Novembre 7, 2023

Bill Burns, l’uomo del Presidente. Retroscena: viaggio in Israele e dossier ostaggi. L’ultima missione segreta dello 007 della Casa Bianca

Forse davvero Bill Burns è il personaggio di un romanzo di John Le Carré. L’agente segreto che nel mezzo di una festa all’ambasciata sussurra all’orecchio di un dignitario che la città sta cadendo in mano ai ribelli, e che una nave sarà al porto ad aspettarlo a mezzanotte.

Abbiamo però una certezza: è il signor Destino a guidare i suoi passi. Se così non fosse, chi altri lo avrebbe messo sulla strada di Joe Biden?

Quando il neo-eletto presidente cerca un candidato per il posto di direttore della CIA la prima scelta è Tom Donilon, un passato da consigliere per la sicurezza nazionale di Barack Obama. Ma il prescelto non sembra così convinto. Al rischio di guidare un’agenzia di intelligence uscita malconcia dagli anni di Trump preferisce gli agi dell’impegno nel settore privato.

È così, scorrendo il dito sulle rubriche telefoniche gelosamente custodite nei cassetti dello Studio Ovale, che lo sguardo di Joe Biden si posa sul nominativo di Bill Burns.

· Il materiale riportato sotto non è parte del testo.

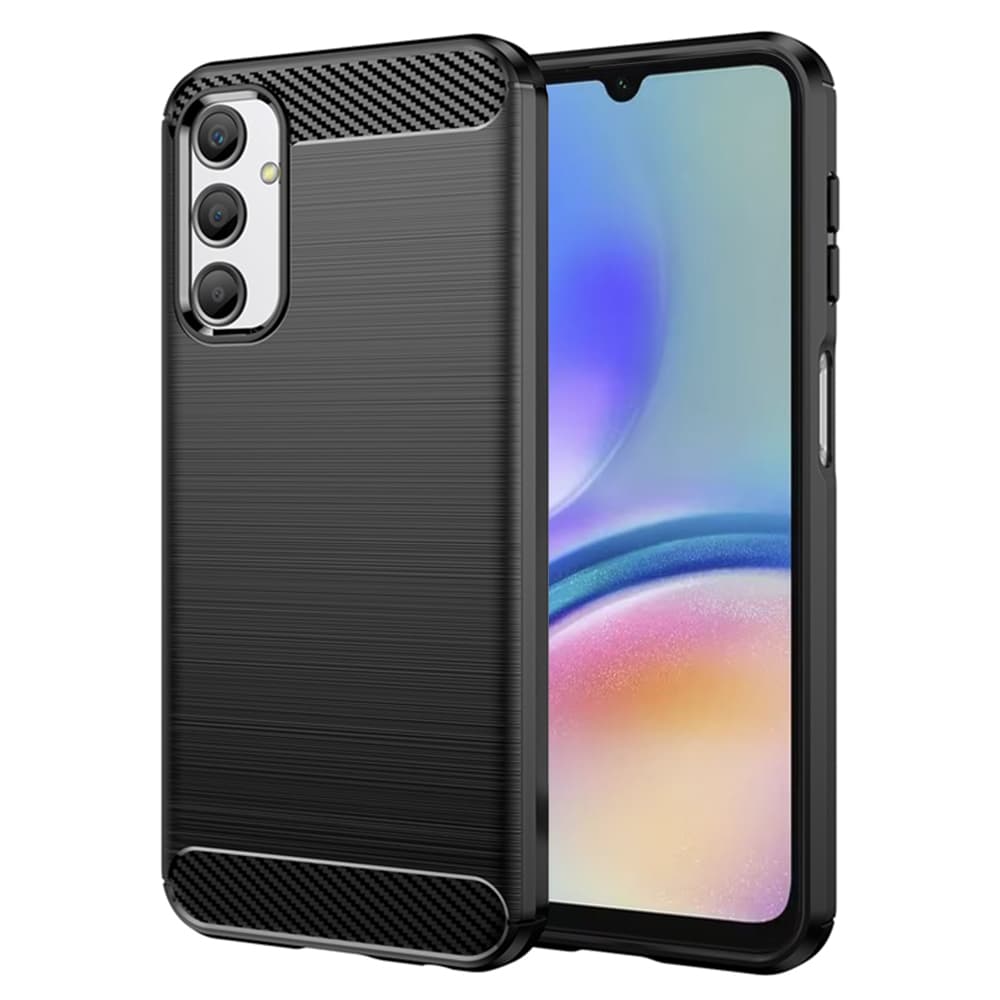 Techsuit Karbonový Silikon Samsung Galaxy A05s Černý - náhled 1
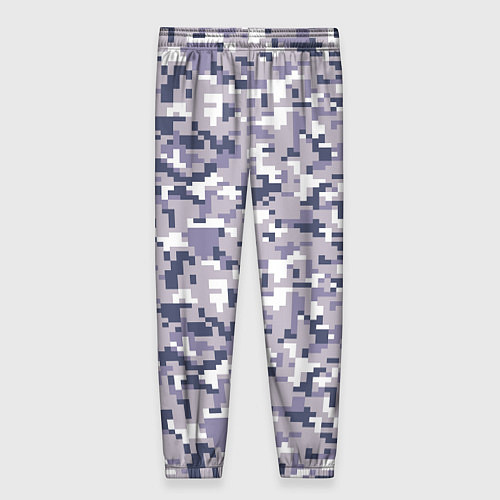 Женские брюки Камуфляж ACUpat серый пиксель / 3D-принт – фото 2
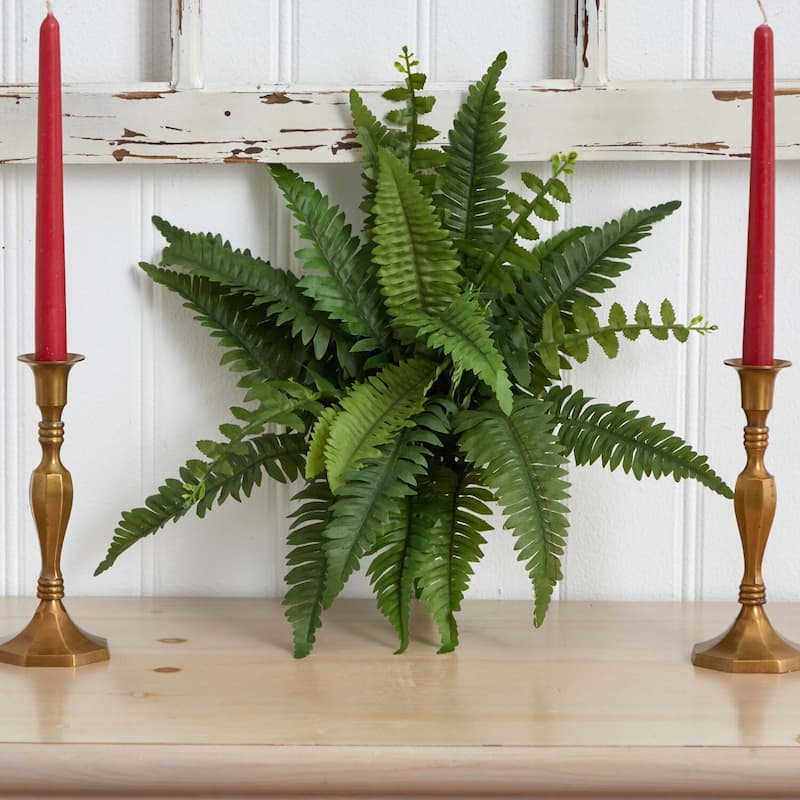 Artificial Plant with Planter Classic Comfort Red Bloom Tower Home Decor Indoor - Green - 14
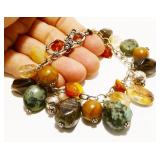 Silpada Sterling Silver & Stone Charm Bracelet*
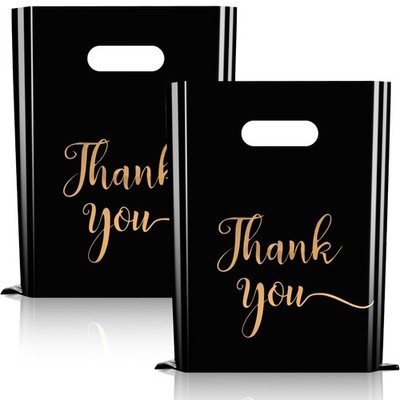 Cupplation Thank You Merchandise Bags 30 Pack, Large 12x15 inches, Retail Pla...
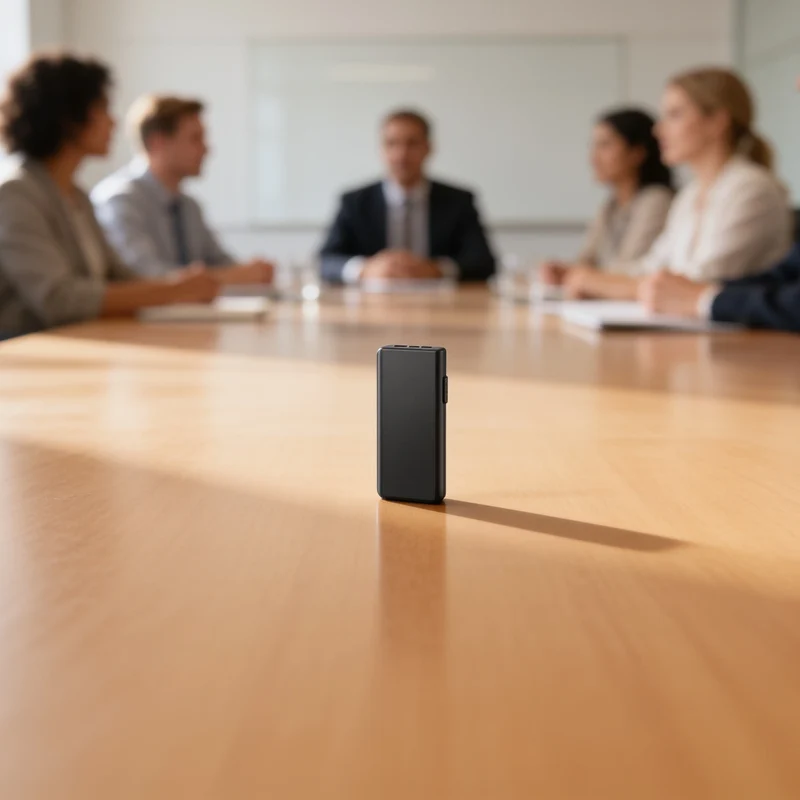 Compacte Spraakrecorder met Geluidsactivatie – Klein 16GB Dictafoon met 50 Uur Batterij en Ruisonderdrukking voor Vergaderingen, Interviews en Notities | Sansoti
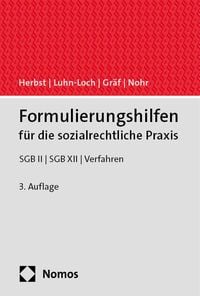 Produktbild: Formulierungshilfen f&uuml;r die sozialrechtliche Praxis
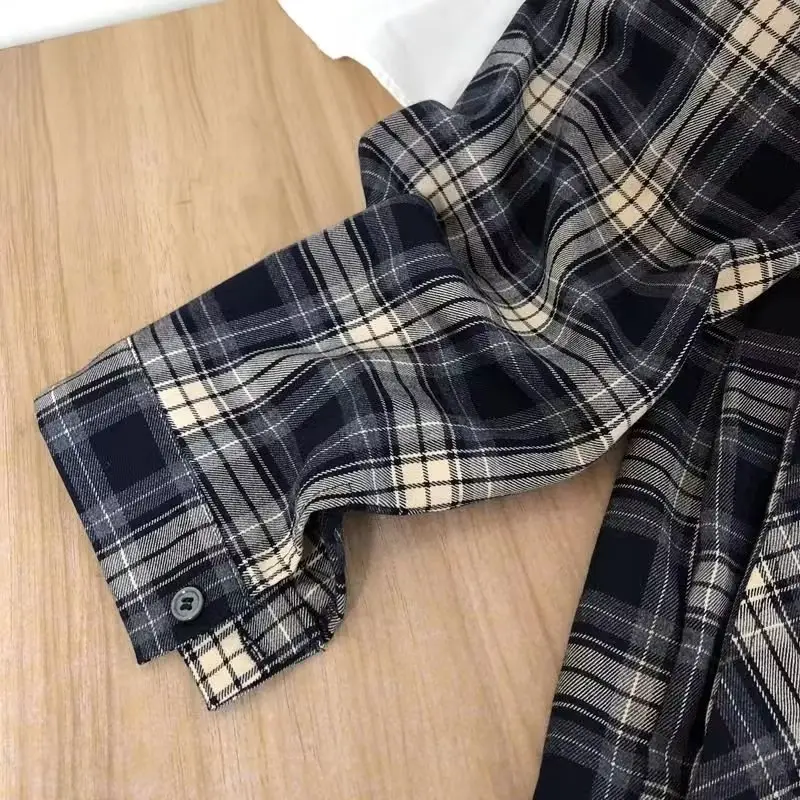 Men Plaid Long Sleeve Shirt Loose Cleanfit 2024 — feature 6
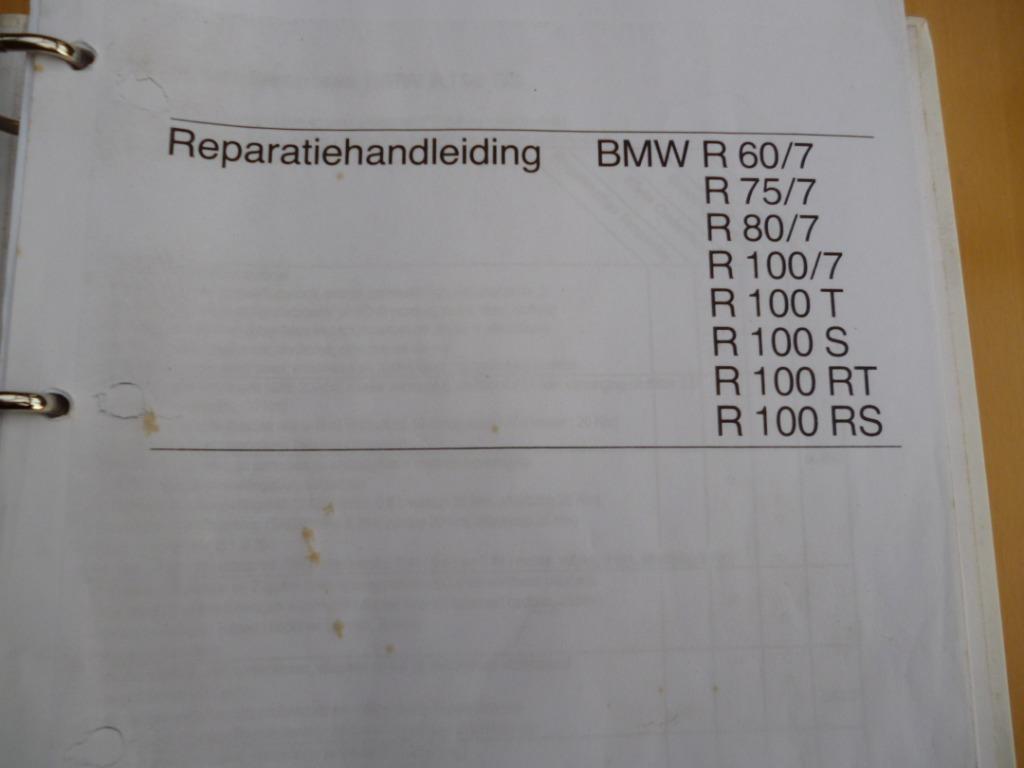 BMW reparatiehandleiding R60/7,75/7,80/7,100/7,100T,100/S,10, Motoren, Handleidingen en Instructieboekjes, Ophalen of Verzenden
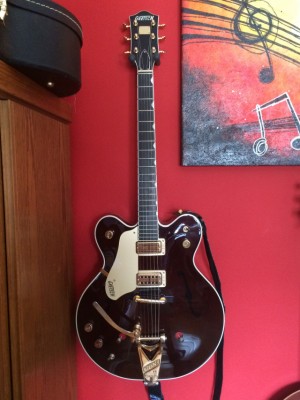 Guitarra Gretsch 6122-62 modelo country gentleman, left handed, lefty, left hand, para zurdos, george harrison, beatles.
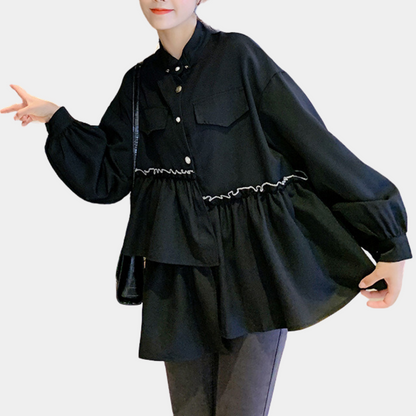 Kvinnors Fritidskläder Klassisk Stil Polyester-1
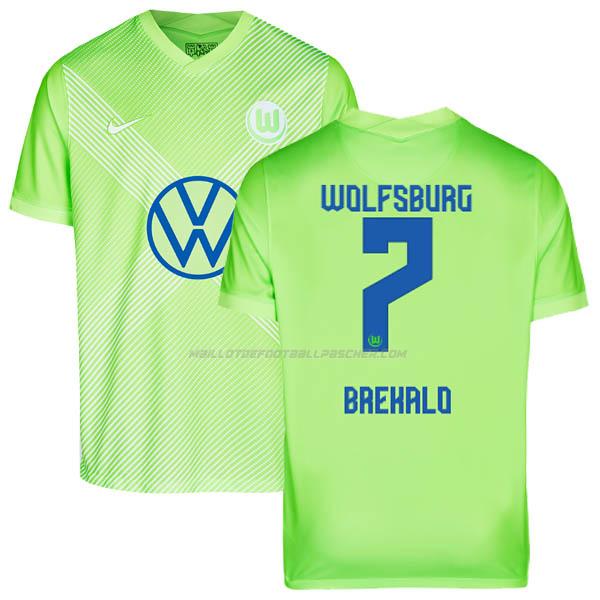 maillot brekalo wolfsburg 1ème 2020-21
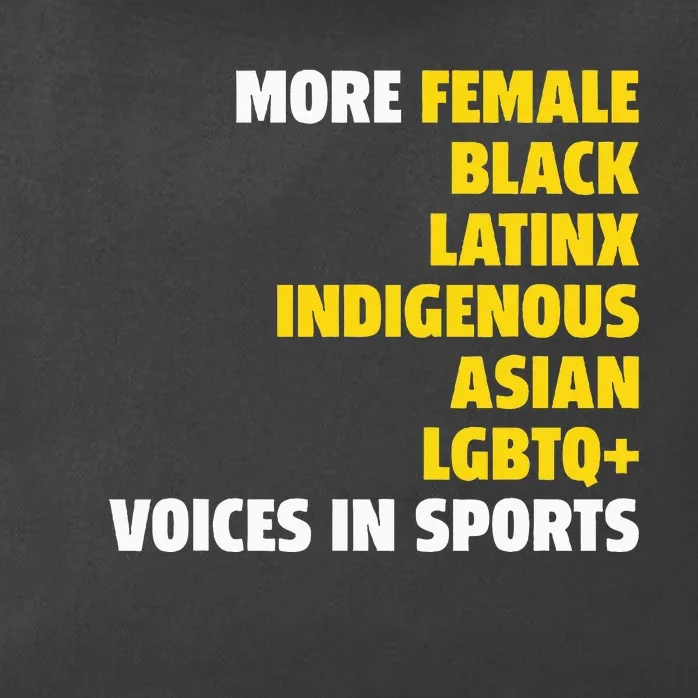 More Female Black Latinx Indigenous Lgbtq Voices In Sports Zip Tote Bag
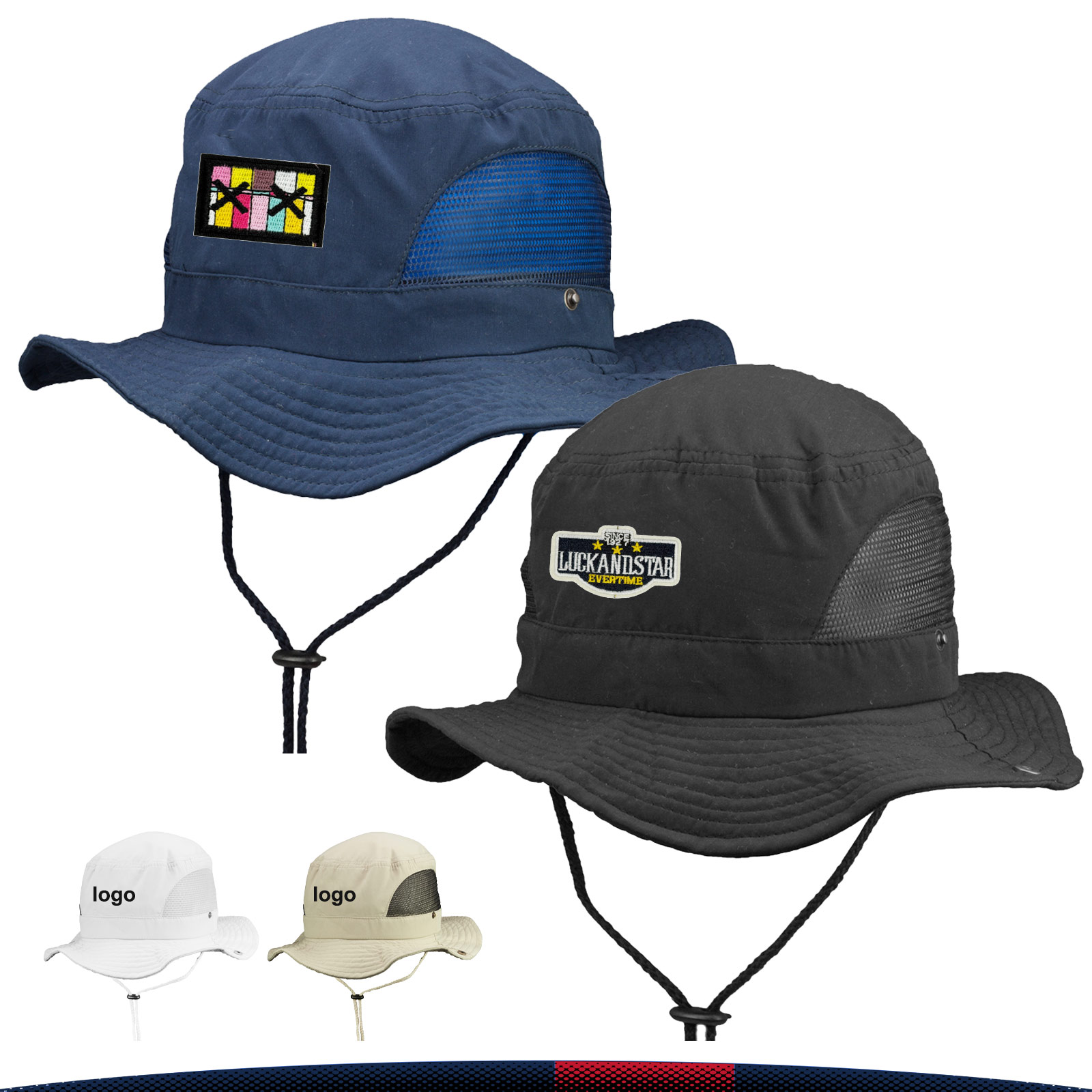 Achard Mesh Sides Bucket Hat 3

E dire che all’esperto diplomatico, in quei frangenti, hanno già messo in tasca un biglietto aereo per l’Oriente. Ad attenderlo c’è un’ambasciata a sua scelta, Tokyo o Pechino: “Decida Lei, Mr. Burns“. Ma il quesito resta inevaso, il rebus da sciogliere. Perché non c’è neanche il tempo di rispondere: la telefonata del Presidente, quella a cui non si può dire di no se pensi a te stesso come ad un servitore dello Stato, arriva prima.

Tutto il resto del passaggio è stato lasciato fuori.